Metadata-Version: 2.4
Name: spdx-tools
Version: 0.8.5
Summary: SPDX parser and tools.
Author-email: "Ahmed H. Ismail" <ahm3d.hisham@gmail.com>
Maintainer: SPDX group at the Linux Foundation and others
Maintainer-email: Philippe Ombredanne <pombredanne@gmail.com>
License-Expression: Apache-2.0
Project-URL: Homepage, https://github.com/spdx/tools-python
Project-URL: Documentation, https://spdx.github.io/tools-python/
Project-URL: Repository, https://github.com/spdx/tools-python.git
Project-URL: Issues, https://github.com/spdx/tools-python/issues
Project-URL: Changelog, https://github.com/spdx/tools-python/blob/main/CHANGELOG.md
Classifier: Development Status :: 5 - Production/Stable
Classifier: Intended Audience :: Developers
Classifier: Intended Audience :: System Administrators
Classifier: Operating System :: OS Independent
Classifier: Programming Language :: Python :: 3
Classifier: Programming Language :: Python :: 3 :: Only
Classifier: Programming Language :: Python :: 3.10
Classifier: Programming Language :: Python :: 3.11
Classifier: Programming Language :: Python :: 3.12
Classifier: Programming Language :: Python :: 3.13
Classifier: Programming Language :: Python :: 3.14
Classifier: Topic :: Software Development :: Documentation
Classifier: Topic :: Software Development :: Libraries :: Python Modules
Classifier: Topic :: Utilities
Requires-Python: >=3.10
Description-Content-Type: text/markdown
License-File: LICENSE
Requires-Dist: beartype
Requires-Dist: click
Requires-Dist: license_expression
Requires-Dist: ply
Requires-Dist: pyyaml
Requires-Dist: rdflib
Requires-Dist: semantic_version
Requires-Dist: uritools
Requires-Dist: xmltodict
Provides-Extra: test
Requires-Dist: pyshacl; extra == "test"
Requires-Dist: pytest; extra == "test"
Requires-Dist: tzdata; extra == "test"
Provides-Extra: code-style
Requires-Dist: black; extra == "code-style"
Requires-Dist: flake8; extra == "code-style"
Requires-Dist: isort; extra == "code-style"
Provides-Extra: graph-generation
Requires-Dist: networkx; extra == "graph-generation"
Requires-Dist: pygraphviz; extra == "graph-generation"
Provides-Extra: development
Requires-Dist: black; extra == "development"
Requires-Dist: flake8; extra == "development"
Requires-Dist: isort; extra == "development"
Requires-Dist: networkx; extra == "development"
Requires-Dist: pyshacl; extra == "development"
Requires-Dist: pytest; extra == "development"
Dynamic: license-file

# Python library to parse, validate and create SPDX documents

CI status (Linux, macOS and Windows): [![Install and Test][1]][2]

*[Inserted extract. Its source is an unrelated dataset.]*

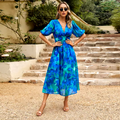 V-Neck Printed Slim-Fit Beach Maxi Dress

[1]: https://github.com/spdx/tools-python/actions/workflows/install_and_test.yml/badge.svg
[2]: https://github.com/spdx/tools-python/actions/workflows/install_and_test.yml

## Breaking changes v0.7 -> v0.8

Please be aware that the upcoming 0.8 release has undergone a significant refactoring in preparation for the upcoming
SPDX v3.0 release, leading to breaking changes in the API.
Please refer to the [migration guide](https://github.com/spdx/tools-python/wiki/How-to-migrate-from-0.7-to-0.8)
to update your existing code.

The main features of v0.8 are:

- full validation of SPDX documents against the v2.2 and v2.3 specification
- support for SPDX's RDF format with all v2.3 features
- experimental support for the upcoming SPDX v3 specification. Note, however, that support is neither complete nor
  stable at this point, as the spec is still evolving. SPDX3-related code is contained in a separate subpackage "spdx3"
  and its use is optional. We do not recommend using it in production code yet.

Note that v0.8 only supports **writing**, not **reading** SPDX 3.0 documents.
See [#760](https://github.com/spdx/tools-python/issues/760) for details.

## Information

This library implements SPDX parsers, convertors, validators and handlers in Python.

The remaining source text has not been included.